Just before its players go their separate ways and venture off to various colleges, the team won the program’s first Open Division-Gold championship at this summer’s USA Volleyball Boys Junior Nationals in Dallas.
And what a way to mark the 10th anniversary for MVVC, which has made a great impact in the club volleyball scene in that relatively short span. It’s a tremendous example of the rewards of staying together and working, working, working toward a goal — eight of the 12 players have played together in MVVC since age 14.
“It was definitely great, and looking back, I realize there’s no better way we could have finished off,” said MVVC setter Kevin Mathew, one of the eight mainstays. “Having played on a club so long with these guys, how perfect it was that we finished on the best possible note. All the loose ends got tied together.”
Steady play helped the team go 9-2 in the 18 Open division at the June 30-July 7 tournament. The core players’ familiarity with each other paid big dividends in Texas.
“It’s a pretty consistent effort by all the guys on the team, and it especially shows how homegrown we are,” said Jonah Carson, coach of the 18 Red Junior National champions and MVVC Boys Club Director and Recruiting Coordinator.
Not that it was easy.
For starters, MVVC had to shake off an 18-25, 25-18, 15-13 loss in its opener to Outrigger from Honolulu, Hawaii.
“That sort of showed us no team was going to hand us a win,” said Mathew, who closed his high school career at Monta Vista-Cupertino winning Central Coast Section and CIF NorCal Division I championships. “In the end that was really helpful to us, because we knew they would not hand it to us and, on the other hand, we were not going to hand it to another team.”

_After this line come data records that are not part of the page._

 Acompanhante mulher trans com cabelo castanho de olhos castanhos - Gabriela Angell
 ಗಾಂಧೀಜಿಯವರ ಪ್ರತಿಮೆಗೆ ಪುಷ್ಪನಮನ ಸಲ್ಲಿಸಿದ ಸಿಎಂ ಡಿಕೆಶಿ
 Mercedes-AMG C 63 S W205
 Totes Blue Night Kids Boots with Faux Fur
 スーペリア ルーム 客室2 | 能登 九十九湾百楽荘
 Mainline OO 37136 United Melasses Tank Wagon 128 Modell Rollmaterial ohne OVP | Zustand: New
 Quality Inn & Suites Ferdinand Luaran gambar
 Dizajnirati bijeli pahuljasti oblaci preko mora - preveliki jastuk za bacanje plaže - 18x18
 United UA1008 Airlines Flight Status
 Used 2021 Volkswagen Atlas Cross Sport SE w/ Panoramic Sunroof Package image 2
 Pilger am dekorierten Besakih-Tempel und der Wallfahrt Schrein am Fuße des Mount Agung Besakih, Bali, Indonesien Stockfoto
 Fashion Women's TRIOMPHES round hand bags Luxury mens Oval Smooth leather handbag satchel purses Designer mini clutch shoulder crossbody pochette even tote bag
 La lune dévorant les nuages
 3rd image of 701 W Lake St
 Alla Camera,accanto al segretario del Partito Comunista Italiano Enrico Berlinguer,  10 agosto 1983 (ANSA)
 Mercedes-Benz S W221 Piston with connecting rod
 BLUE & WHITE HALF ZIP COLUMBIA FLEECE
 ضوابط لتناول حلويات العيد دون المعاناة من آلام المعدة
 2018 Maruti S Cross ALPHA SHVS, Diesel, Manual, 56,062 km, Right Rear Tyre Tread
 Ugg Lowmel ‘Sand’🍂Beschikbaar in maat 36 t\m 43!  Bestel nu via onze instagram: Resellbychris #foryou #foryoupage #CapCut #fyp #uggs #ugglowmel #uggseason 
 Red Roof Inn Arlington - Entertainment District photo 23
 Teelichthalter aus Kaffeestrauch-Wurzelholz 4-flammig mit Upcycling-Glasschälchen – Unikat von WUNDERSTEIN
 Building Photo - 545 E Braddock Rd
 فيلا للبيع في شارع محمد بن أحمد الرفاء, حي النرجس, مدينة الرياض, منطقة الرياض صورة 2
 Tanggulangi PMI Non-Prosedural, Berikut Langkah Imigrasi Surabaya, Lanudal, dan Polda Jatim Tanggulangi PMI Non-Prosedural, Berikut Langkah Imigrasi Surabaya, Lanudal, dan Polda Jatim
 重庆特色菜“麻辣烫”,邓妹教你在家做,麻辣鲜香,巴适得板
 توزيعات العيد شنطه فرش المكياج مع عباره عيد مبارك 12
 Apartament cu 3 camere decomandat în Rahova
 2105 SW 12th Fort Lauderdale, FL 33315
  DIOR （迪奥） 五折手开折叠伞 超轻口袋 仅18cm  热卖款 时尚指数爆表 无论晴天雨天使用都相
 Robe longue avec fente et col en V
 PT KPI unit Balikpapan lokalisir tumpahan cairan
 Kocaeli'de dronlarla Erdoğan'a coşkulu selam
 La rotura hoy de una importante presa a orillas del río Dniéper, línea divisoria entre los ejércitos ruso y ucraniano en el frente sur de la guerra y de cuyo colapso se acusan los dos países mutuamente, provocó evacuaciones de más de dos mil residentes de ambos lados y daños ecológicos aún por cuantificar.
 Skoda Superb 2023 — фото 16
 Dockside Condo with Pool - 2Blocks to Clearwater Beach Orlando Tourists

Carson, also coach of the USA Men’s Junior National Team and the St. Francis High-Mountain View boys, said he felt his team could absorb the loss and recover, finding the best mix to win.
“One of our top players, Cole Gillis, who is going to UC Irvine, was struggling, not playing as well as he could,” Carson said. “We put in Ben Airola, who is going to UC San Diego and we beat 949, one of the top teams in the tournament. We then put Cole back in there, and I have to give a ton of credit to Cole to regroup and play so well.”
It all came together with a 25-22, 19-25, 15-9 championship win over SoCal powerhouse Balboa Bay Volleyball Club, based out of Costa Mesa with a storied 43-year history. It was a rematch from four years ago when both clubs met for the 14s Junior National championship, with Balboa winning.
“When we played them as 14s, we were happy to be in the finals and let them have it,” Mathew said. “The 18s match felt a lot different. We were there for a fight and came out hot from the beginning. So we came pretty aggressive and got a lead in the first set after it was 18-18 and pulled ahead. Then it was essentially the reverse in the second, and we were playing catch-up. The third set was close until 7-7, then we got hot and won 15-9.”
Fiery starts were a trademark of this MVVC team, Mathew said.
“We tended to come out of the gate really hot and really intense. Come out intense and on fire, and we would catch teams off-guard,” he said.
One major force for MVVC was tournament MVP Jarrett Anderson, who starred at Harker-San Jose and was a driving force behind the Eagles winning the CCS Division III title and making the NorCal Division I finals. Recently named to the SportStars Magazine Bay Area 75, Anderson is headed to Springfield College in Springfield, Massachusetts. All that is amazing considering this is just Anderson’s second year of playing volleyball, having focused previously on basketball.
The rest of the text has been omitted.